To collect them today for a British readership that has lived through what they describe is to place a lot of faith in the transforming charm of Barnes' style. They are yesterday's journalism, after all, and we now view such episodes as the "war of Jennifer's Ear" and the scramble for control of Harrods with the dead feeling Barnes had then about the Westland Affair: "four years later, few can remember, fewer still care about, the details of this imbroglio". And yet, while these exercises are obviously peripheral to Barnes' ambitions as a writer, they are done with such skill, curiosity and evident enjoyment that they amount to more of a book, and a better one, than we are at first led to expect.
Some of the earlier essays do give a sense of an author constrained by commission against his instincts. Though Barnes's most recent novel, The Porcupine (1992), dealt with an Eastern European dictator, and while he has himself been called a "chameleon sort of writer", English politics has not seemed a natural habitat. When, indeed, he leaves his North London home to canvas for the Labour Party on the streets - the streets of North London, mind - the shock is palpable: "plunged hip-deep into the carbon monoxide" of Chetwynd Road, NW5, he seems only more remote from the voter.
At home, England seems less his "own country" than France would be: when he describes locals lining the shores beneath a collapsing clifftop hotel at Scarborough "in the hope of plundering an intact bidet", he surely mistakes the toilet habits of the North Yorkshire scavenger.
In time, however, Barnes allows himself to wander off the political main road into quirkier byways of detail which better suit his authorial temperament. There are essays on mazes and on our stamps and coinage, and an enchanted piece of sportswriting, an account of Kasparov's humiliation of Nigel Short in the World Chess Championship.
The political commentary, too, is increasingly salted by his own prejudices, admittedly on the safe side (versus Thatcher, the Sun, Andrew Lloyd Webber).
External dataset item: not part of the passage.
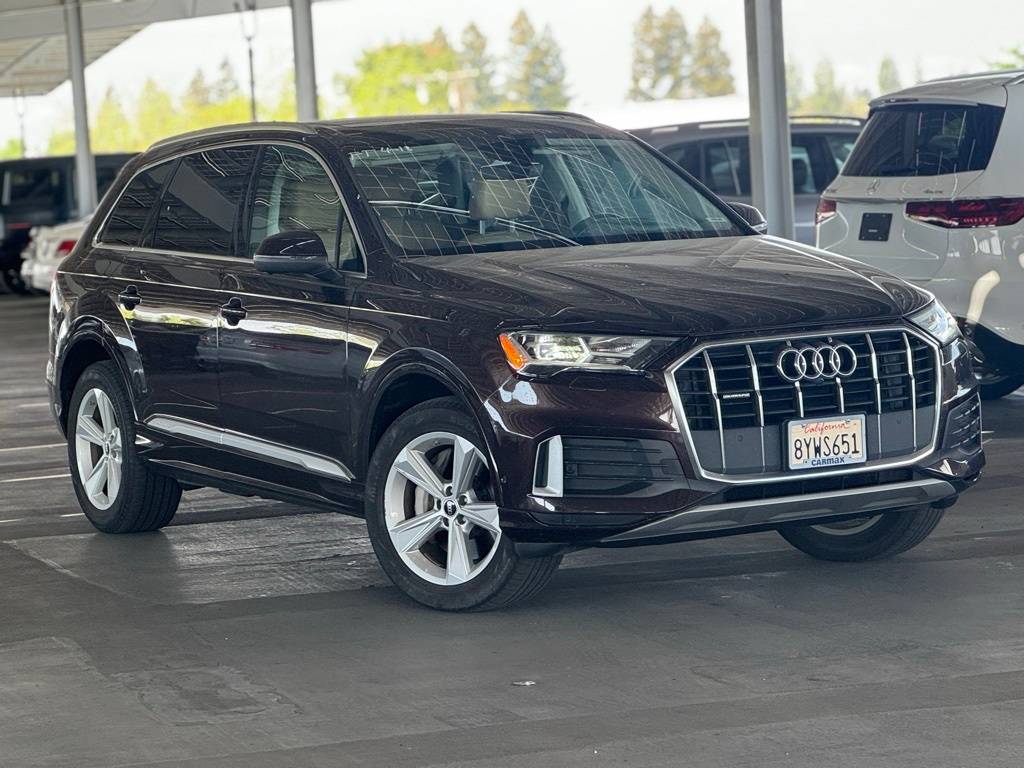 2022 Audi Q7 Premium — SUV — 50,331 mi — Fresno, CA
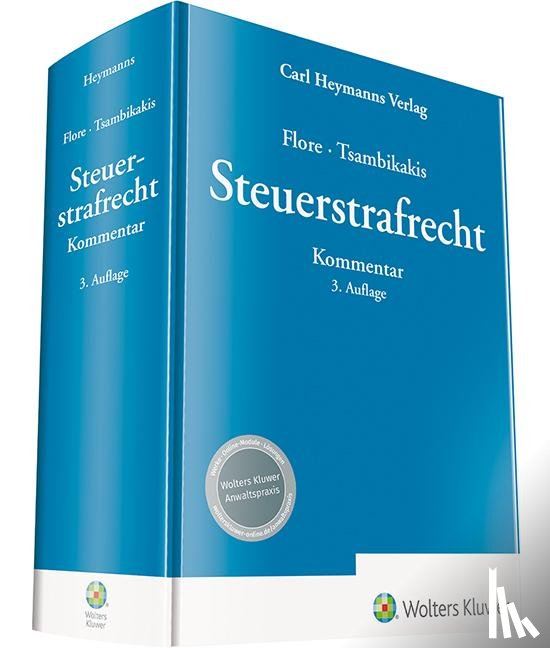  - Steuerstrafrecht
The indignation of two more recent pieces - on Thatcher's memoirs and the fifth anniversary of the fatwah against Salman Rushdie - is a surprise, though cynics might observe how it takes a bad book, and a threat against another novelist of his generation to get Barnes' blood properly boiling.
The sharpest single putdown in a book which is otherwise genial to the brink of a fault is aimed at Rushdie's ex-wife Marianne Wiggins, executed through typically inspired play with the proverbial: "I remember ... how she once winsomely declared to me that she wanted to be, as a writer, no more than a mere foothill beside the mighty mountain that was Salman. Alas, when Muhammad came to the mountain the foothill hightailed it over the horizon."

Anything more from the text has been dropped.